- **Source records**

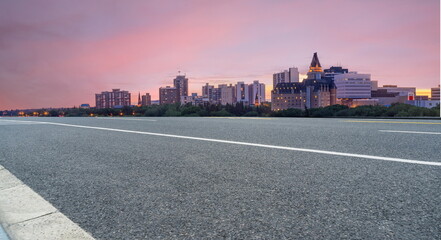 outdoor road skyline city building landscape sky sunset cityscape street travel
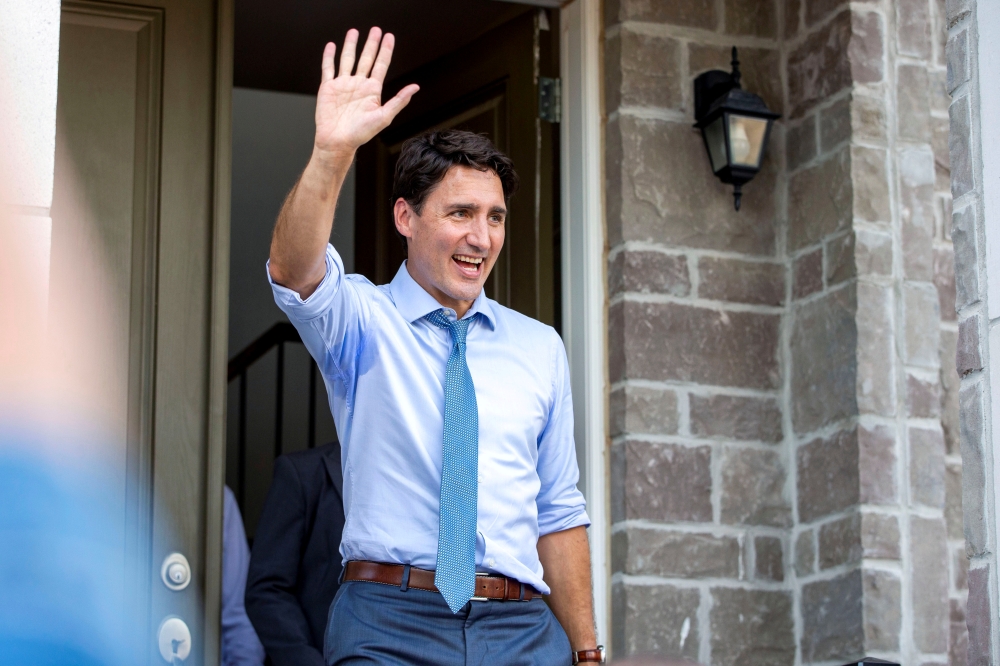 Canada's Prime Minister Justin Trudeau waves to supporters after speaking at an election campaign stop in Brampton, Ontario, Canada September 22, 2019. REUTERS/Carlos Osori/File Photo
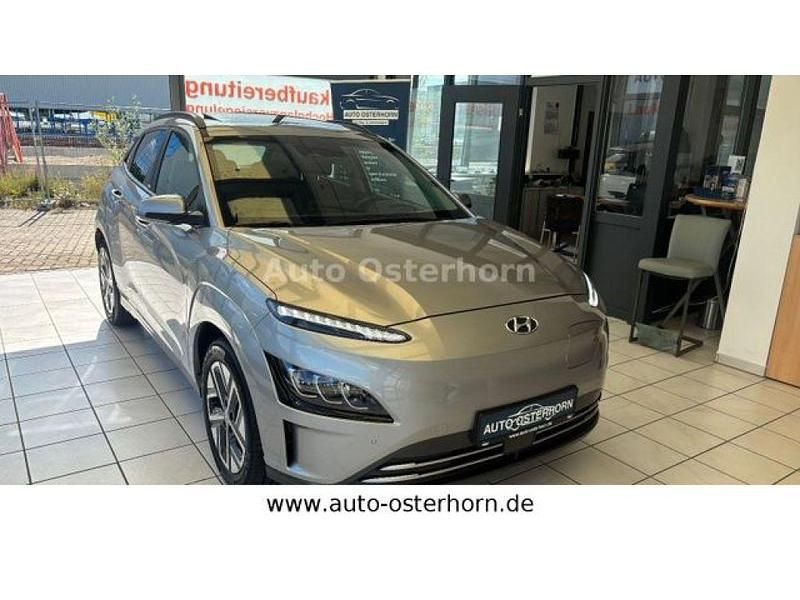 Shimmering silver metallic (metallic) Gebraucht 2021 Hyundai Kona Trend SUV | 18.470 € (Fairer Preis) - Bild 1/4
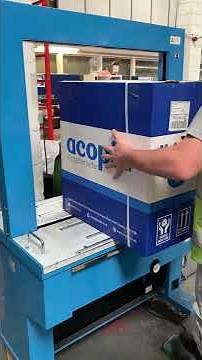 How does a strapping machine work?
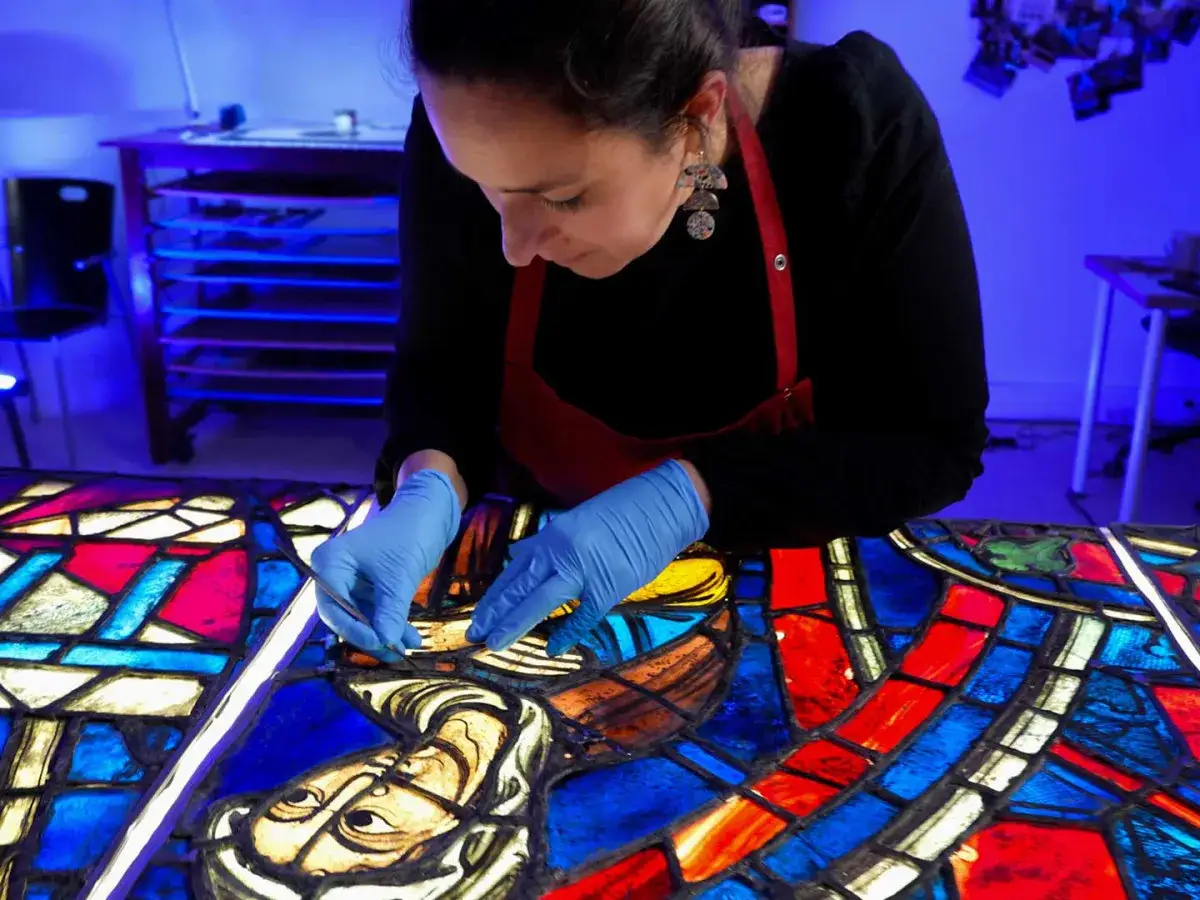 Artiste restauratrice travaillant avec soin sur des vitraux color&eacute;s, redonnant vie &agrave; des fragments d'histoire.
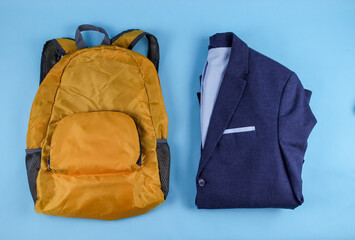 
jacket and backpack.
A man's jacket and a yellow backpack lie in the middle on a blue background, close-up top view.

---

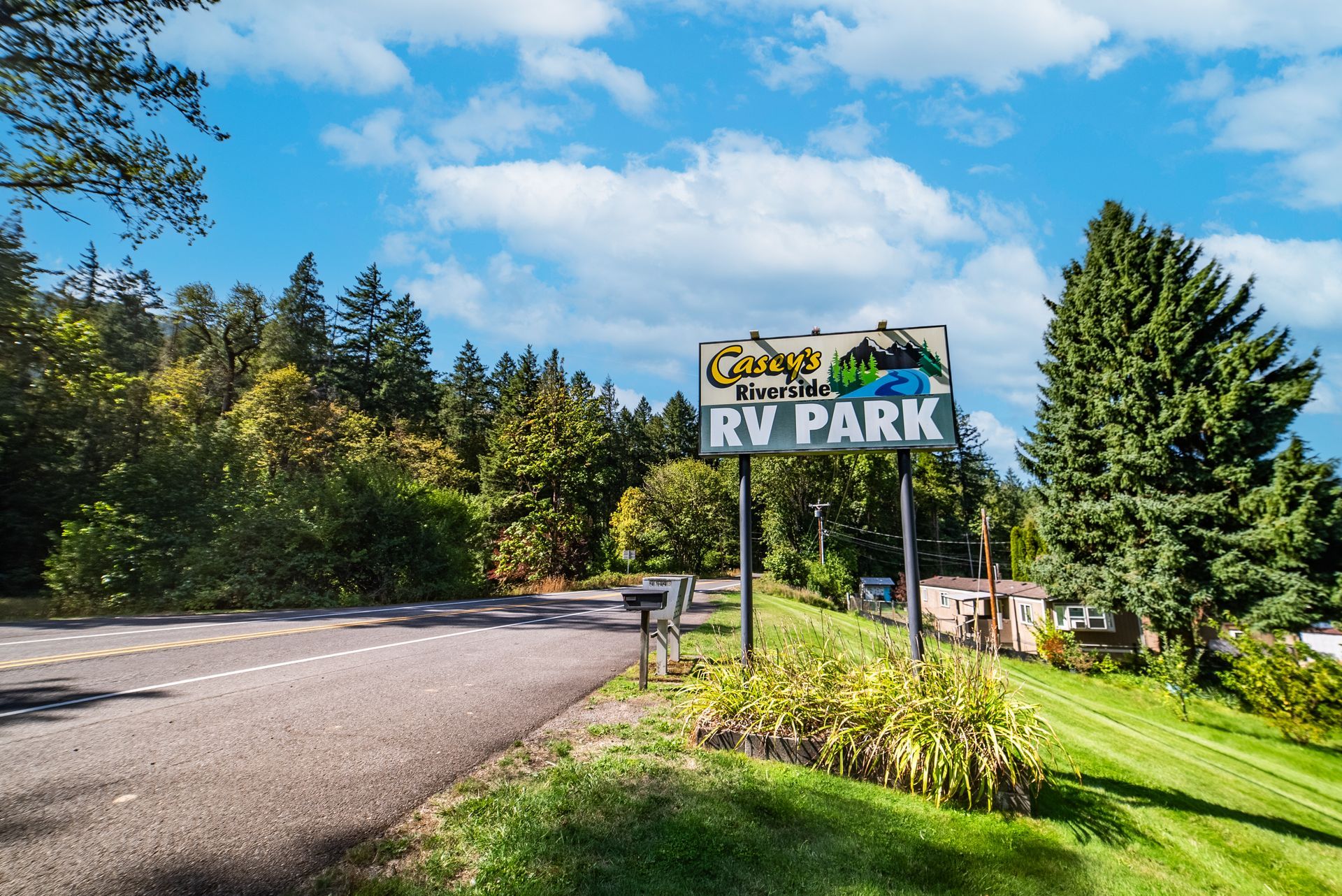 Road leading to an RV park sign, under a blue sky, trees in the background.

- **What this task involves**
Above are records; repeat only the lines from the line with "outdoor road skyline" through the line with "Artiste restauratrice travaillant", and leave pictures out.

- **Output for this exercise**
 outdoor road skyline city building landscape sky sunset cityscape street travel
 Canada's Prime Minister Justin Trudeau waves to supporters after speaking at an election campaign stop in Brampton, Ontario, Canada September 22, 2019. REUTERS/Carlos Osori/File Photo
 Shimmering silver metallic (metallic) Gebraucht 2021 Hyundai Kona Trend SUV | 18.470 € (Fairer Preis) - Bild 1/4
 How does a strapping machine work?
 Artiste restauratrice travaillant avec soin sur des vitraux color&eacute;s, redonnant vie &agrave; des fragments d'histoire.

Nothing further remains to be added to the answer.